Lamentablemente, esa sería la última Navidad y Año Nuevo que presenciaría junto a su amada y especial esposa ya que ambos se encontraban muy enfermos y presentían el paso hacia la eternidad juntos, como lo habían deseado desde que eran jóvenes.

Reunieron a cada nieto y sobrino.

Joseph y Peter con sus esposas y familias estaban felices porque se reunieron nuevamente, pero desconocían de la enfermedad de su hermano y cuñada.

Los ojos de Edward se llenaron de lágrimas y alegría al ver reunida a tantas personas y anhelaba poder disfrutar un año más a cada uno de ellos, pero Dios le tenía preparado un lugar mejor y sin los dolores que tanto le agobiaban.

Cuando Peter y Joseph estaban preparándose para regresar a sus casas, Edward les convenció de pasar con él el año nuevo.

Con alegría por ello, acordaron irse el 2 de enero.

Entre tanta felicidad que tenía Edward, dudaba en su corazón el contarle a sus hermanos de su enfermedad pues no deseaba arruinarles una fecha muy especial de unidad familiar.
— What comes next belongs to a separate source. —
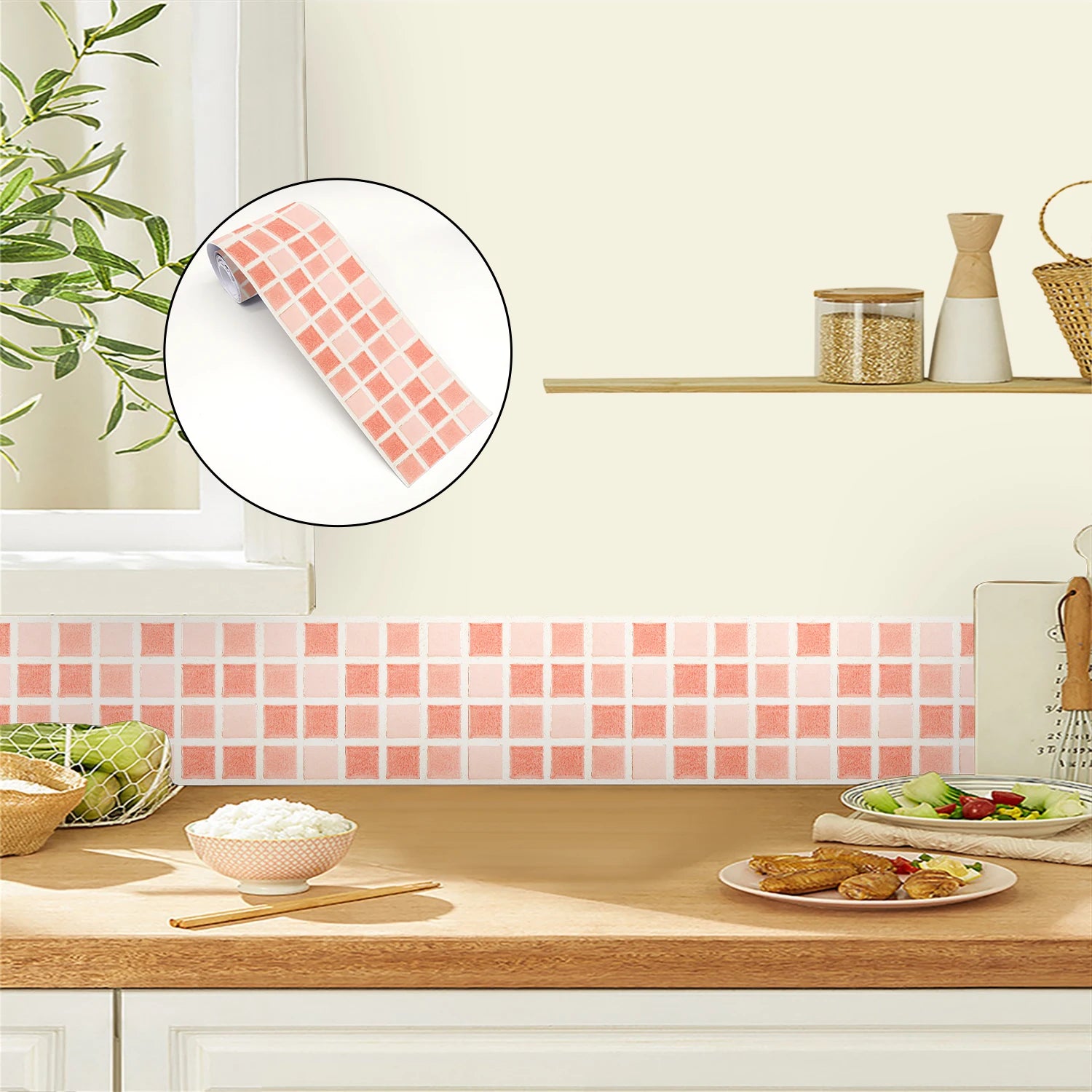 26 Styles 2D Mosaic Tiles Wall Sticker Waist Line Skirting Strip Peel & Stick Bathroom Kitchen Backsplash Home Decor Wall Decals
Edward y su esposa se fueron a su recámara para orar y dar gracias a Dios por la vida y por cada momento juntos, buenos y malos; hicieron memoria de la forma en que se conocieron y de muchas vivencias desde que se conocieron hasta ese día. Luego, salieron hacia la sala de la casa.
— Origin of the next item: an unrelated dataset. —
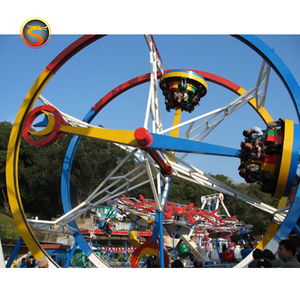 Thrilling amusement park attraction adult entertainment games rotating amusement rides ferris ring car for sale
Cuando llegó la hora de los abrazos, Edward y su esposa estaban sentados tomados de la mano con sus rostros felices… Pero ya era tarde, entre tantas risas y alegría Dios les liberó de su dolor.

Fue un golpe duro para todos pues nadie sabía de la enfermedad que los consumía rápidamente.

Se hicieron presente a su funeral muchos amigos de años, y de infancia, y músicos y pastores que admiraban a Edward por su característica forma de ejecutar su instrumento.

Pero el primer y único biznieto de Edward, un pequeño de tan sólo cinco años; alzó su voz, oró frente a todos y exclamó:
-¡Papá Edward está con nosotros, Papá Dios me lo dijo y me pidió que les dijera que él siempre estará en todo momento a nuestro lado. Sus muchas oraciones por todos ustedes han sido escuchadas. Ahora, rían y estén felices así como Papá Edward era en cada momento sin importar nada!-“

“Navidad y Año Nuevo, días propicios para recordar a aquellos que en silencio oran por nosotros, fechas para recordar que la vida es prestada y que debemos vivirla felices y gozosos en medio de la situación más difícil que podamos vivir. Época para recordar que Dios no hace nada que no tenga un propósito y que nosotros solo debemos aceptar Su Voluntad, ser fieles a Él y honrarle cada segundo”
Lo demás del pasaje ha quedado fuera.